Simpler Recycling is the government’s reform that ends the postcode lottery of recycling collections across England. From 2025 onwards, every council and every workplace must collect the same four core dry recyclables – glass, metal, plastic, and paper/card – plus food waste as a fifth separated stream. Garden waste stays optional at the council’s discretion.

The reforms roll out in three phases. Businesses with 10 or more employees had to be compliant by 31 March 2025. Households across all 32 London boroughs came into scope on 31 March 2026. Micro-businesses with fewer than 10 employees, plus kerbside plastic film and carrier bag collections for everyone, complete the rollout on 31 March 2027. Most Londoners feel the change in the form of new caddies for weekly food waste and a more consistent set of recycling rules between boroughs.

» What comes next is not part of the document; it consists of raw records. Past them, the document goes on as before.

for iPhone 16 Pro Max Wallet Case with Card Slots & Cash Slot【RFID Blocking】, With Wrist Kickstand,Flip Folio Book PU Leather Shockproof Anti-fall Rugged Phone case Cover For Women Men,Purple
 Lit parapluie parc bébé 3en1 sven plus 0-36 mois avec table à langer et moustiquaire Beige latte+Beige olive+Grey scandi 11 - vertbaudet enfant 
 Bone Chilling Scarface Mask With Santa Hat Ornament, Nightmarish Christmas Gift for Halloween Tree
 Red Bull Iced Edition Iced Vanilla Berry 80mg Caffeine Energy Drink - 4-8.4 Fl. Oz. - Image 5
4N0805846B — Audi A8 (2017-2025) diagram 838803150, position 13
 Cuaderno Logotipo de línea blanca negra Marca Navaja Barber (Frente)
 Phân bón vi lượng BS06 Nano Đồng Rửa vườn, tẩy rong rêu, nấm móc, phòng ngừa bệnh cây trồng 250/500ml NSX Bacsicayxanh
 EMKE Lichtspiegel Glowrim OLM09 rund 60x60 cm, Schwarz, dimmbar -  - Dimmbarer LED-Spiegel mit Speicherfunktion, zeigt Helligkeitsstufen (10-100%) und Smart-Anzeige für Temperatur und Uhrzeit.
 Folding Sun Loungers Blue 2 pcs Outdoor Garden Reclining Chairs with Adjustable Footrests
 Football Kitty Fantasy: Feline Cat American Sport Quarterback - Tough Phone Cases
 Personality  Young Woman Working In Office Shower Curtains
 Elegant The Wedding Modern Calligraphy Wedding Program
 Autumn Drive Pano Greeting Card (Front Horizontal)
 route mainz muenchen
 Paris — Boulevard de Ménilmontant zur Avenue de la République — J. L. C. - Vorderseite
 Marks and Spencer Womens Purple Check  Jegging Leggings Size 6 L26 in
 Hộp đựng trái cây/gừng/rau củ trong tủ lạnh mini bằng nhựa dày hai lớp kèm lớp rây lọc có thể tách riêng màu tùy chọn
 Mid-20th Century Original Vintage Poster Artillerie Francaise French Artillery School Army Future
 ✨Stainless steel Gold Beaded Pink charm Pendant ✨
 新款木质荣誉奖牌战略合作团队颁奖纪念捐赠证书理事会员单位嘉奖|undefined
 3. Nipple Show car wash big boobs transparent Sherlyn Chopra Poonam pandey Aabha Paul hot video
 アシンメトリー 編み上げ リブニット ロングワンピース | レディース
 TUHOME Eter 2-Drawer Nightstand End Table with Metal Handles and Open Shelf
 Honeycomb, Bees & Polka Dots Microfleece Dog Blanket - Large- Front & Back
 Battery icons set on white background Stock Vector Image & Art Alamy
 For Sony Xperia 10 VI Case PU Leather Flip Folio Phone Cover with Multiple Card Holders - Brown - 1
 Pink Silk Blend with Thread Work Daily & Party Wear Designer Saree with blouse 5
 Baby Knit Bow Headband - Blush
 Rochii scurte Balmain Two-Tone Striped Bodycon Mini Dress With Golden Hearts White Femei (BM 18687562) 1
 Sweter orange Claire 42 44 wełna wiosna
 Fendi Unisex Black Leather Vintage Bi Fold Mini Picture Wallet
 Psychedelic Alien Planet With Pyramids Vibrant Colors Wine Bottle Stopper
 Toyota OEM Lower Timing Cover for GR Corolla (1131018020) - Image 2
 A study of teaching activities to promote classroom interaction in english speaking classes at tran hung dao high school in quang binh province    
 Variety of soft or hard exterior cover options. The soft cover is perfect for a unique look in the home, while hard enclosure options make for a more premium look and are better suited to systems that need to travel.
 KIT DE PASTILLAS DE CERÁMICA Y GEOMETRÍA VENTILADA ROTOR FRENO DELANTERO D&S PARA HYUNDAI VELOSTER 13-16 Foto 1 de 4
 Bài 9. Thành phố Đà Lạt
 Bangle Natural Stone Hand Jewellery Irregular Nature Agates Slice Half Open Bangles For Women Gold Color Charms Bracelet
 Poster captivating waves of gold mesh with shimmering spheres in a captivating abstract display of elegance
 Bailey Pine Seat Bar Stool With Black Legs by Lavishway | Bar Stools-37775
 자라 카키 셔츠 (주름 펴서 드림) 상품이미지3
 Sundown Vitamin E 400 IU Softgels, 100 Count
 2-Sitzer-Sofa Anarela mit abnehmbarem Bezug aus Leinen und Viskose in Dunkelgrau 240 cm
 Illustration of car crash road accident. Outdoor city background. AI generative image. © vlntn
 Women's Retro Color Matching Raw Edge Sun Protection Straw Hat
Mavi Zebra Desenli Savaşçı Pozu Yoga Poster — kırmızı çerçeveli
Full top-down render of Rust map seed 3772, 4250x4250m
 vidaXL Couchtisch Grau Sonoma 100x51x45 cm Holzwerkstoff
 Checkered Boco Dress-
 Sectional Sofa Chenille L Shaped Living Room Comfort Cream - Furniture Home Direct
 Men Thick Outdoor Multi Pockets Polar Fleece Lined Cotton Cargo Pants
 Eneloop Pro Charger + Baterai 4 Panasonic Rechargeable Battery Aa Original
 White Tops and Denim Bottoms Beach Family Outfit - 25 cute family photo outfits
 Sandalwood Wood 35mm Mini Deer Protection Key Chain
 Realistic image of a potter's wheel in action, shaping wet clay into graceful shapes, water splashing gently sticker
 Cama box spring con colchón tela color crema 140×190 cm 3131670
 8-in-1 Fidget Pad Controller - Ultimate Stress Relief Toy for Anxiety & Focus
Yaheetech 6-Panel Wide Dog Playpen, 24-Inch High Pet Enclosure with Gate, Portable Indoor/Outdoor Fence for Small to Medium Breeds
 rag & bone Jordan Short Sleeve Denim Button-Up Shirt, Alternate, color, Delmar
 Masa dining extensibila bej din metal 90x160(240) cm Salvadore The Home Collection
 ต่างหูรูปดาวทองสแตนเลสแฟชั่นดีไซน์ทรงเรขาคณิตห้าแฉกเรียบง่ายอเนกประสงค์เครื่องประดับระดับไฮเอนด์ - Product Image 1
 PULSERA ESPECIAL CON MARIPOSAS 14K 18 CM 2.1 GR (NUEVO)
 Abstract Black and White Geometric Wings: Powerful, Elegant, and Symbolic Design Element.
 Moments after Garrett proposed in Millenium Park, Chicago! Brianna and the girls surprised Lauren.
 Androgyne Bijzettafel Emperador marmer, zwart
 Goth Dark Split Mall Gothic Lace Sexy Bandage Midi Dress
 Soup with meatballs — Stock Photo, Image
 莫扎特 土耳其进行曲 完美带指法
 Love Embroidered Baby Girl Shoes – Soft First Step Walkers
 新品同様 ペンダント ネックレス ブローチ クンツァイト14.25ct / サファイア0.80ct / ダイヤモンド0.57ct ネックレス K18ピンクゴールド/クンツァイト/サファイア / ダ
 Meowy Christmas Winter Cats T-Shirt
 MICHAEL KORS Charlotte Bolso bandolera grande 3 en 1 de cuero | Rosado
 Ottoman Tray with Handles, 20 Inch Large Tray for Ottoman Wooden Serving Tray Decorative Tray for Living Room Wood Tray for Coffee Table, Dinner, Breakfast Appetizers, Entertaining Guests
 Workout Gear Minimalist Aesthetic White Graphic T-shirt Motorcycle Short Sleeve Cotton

For businesses, missing the deadline carries real cost. Where the Environment Agency investigates non-compliance, it now charges £118 per hour of officer time back to the business under cost-recovery rules. Repeat or wilful breaches can lead to compliance notices, fixed penalties, and prosecution under the Environmental Protection Act. Read the full government guidance on the GOV.UK Simpler Recycling workplace recycling page.

Any London Waste runs Simpler-Recycling-compliant collections for offices, shops, restaurants, schools, surgeries, and SMEs across all 32 boroughs. We supply per-stream containers, schedule weekly or fortnightly rounds, and email a Waste Transfer Note after each collection so your duty-of-care paperwork stays in order. New customers get a free site audit before signing – we tell you honestly what you need, not the largest contract we can sell.

From 31 March 2026 every local authority in England, including all 32 London boroughs, must collect the same standardised set of recyclable materials from households. The four dry recycling streams are paper and card, plastic, glass, and metal (cans, tins, and foil). On top of that, councils must run a weekly separate food waste collection, with sealable caddies provided as standard.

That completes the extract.